Because these assignments of error are closely related we will consider them
simultaneously.
{¶20} “An appellate court's function when reviewing the sufficiency of the
evidence to support a criminal conviction is to examine the evidence admitted at trial to
determine whether such evidence, if believed, would convince the average mind of the
defendant's guilt beyond a reasonable doubt.” State v. Jenks, 61 Ohio St.3d 259 (1991),
paragraph two of the syllabus, superseded by state constitutional amendment on other
grounds, State v. Smith, 80 Ohio St.3d 89 (1997). Accordingly, “[t]he relevant inquiry is
whether, after viewing the evidence in a light most favorable to the prosecution, any
rational trier of fact could have found the essential elements of the crime proven beyond
a reasonable doubt.” Id. “In deciding if the evidence was sufficient, we neither resolve
evidentiary conflicts nor assess the credibility of witnesses, as both are functions reserved
for the trier of fact.” State v. Jones, 1st Dist. Hamilton Nos. C-120570 and C-120571,
2013-Ohio-4775, ¶ 33, quoting State v. Williams, 197 Ohio App.3d 505, 2011-Ohio-6267,
¶ 25 (1st Dist.). See also State v. Berry, 3d Dist. Defiance No. 4-12-03, 2013-Ohio-2380,
¶ 19 (“Sufficiency of the evidence is a test of adequacy rather than credibility or weight of
the evidence.”), quoting Thompkins at 386. Stark County, Case No. 2021CA00084 7
{¶21} To determine whether a conviction is against the manifest weight of the
evidence, a reviewing court must examine the entire record, “ ‘weigh[ ] the evidence and
all reasonable inferences, consider[ ] the credibility of witnesses and determine[ ] whether
in resolving conflicts in the evidence, the [trier of fact] clearly lost its way and created such
a manifest miscarriage of justice that the conviction must be reversed and a new trial
ordered.’ ” Thompkins at 387, quoting State v. Martin, 20 Ohio App.3d 172, 175 (1st
Dist.1983). A reviewing court must, however, allow the trier of fact appropriate discretion
on matters relating to the weight of the evidence and the credibility of the witnesses. State
v. DeHass, 10 Ohio St.2d 230, 231 (1967). When applying the manifest weight standard
“[o]nly in exceptional cases, where the evidence ‘weighs heavily against the conviction,’
should an appellate court overturn the trial court's judgment.” State v.
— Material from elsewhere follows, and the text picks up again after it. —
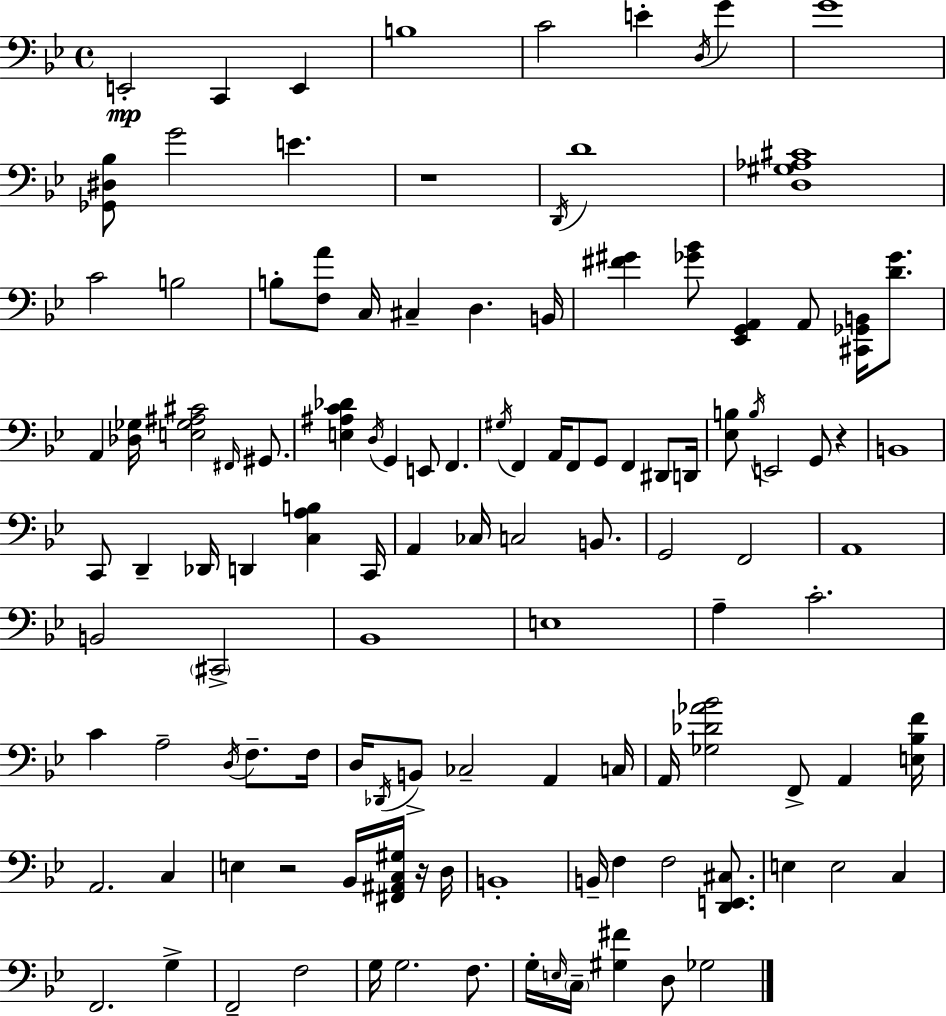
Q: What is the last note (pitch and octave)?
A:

Haller, 3d Dist.
Allen No. 1-11-34, 2012-Ohio-5233, ¶ 9, quoting State v. Hunter, 131 Ohio St.3d 67,
2011-Ohio-6524, ¶ 119.
{¶22} In the context of these assignments of error, Nigro is not arguing that the
offenses described in the indictment did not occur, nor is he arguing that the state failed
to prove all the elements of the offense. Instead he contends that state did not establish
that he was one of the persons who committed the offense because “the only evidence
to link Appellant to the charges was the unreliable and self-serving testimony of Allison
Roach and the cell phone records extracted from Chelsey Evans' cell phone.”
{¶23} Allison Roach identified Nigro, in a lineup and in court, as one of the three
men that she transported to Massillon to the vicinity of a pharmacy. The men exited the
vehicle together, with a red book bag provided by Nigro, returned in a rush, jumped in the
car and spilled bottles of drugs from the book bag at Roach’s feet. One of the men took Stark County, Case No. 2021CA00084 8
the driver’s seat, recklessly drove away and was pursued by Massillon Police into an alley
with no outlet Nigro and the other two men jumped from the car and ran from the scene.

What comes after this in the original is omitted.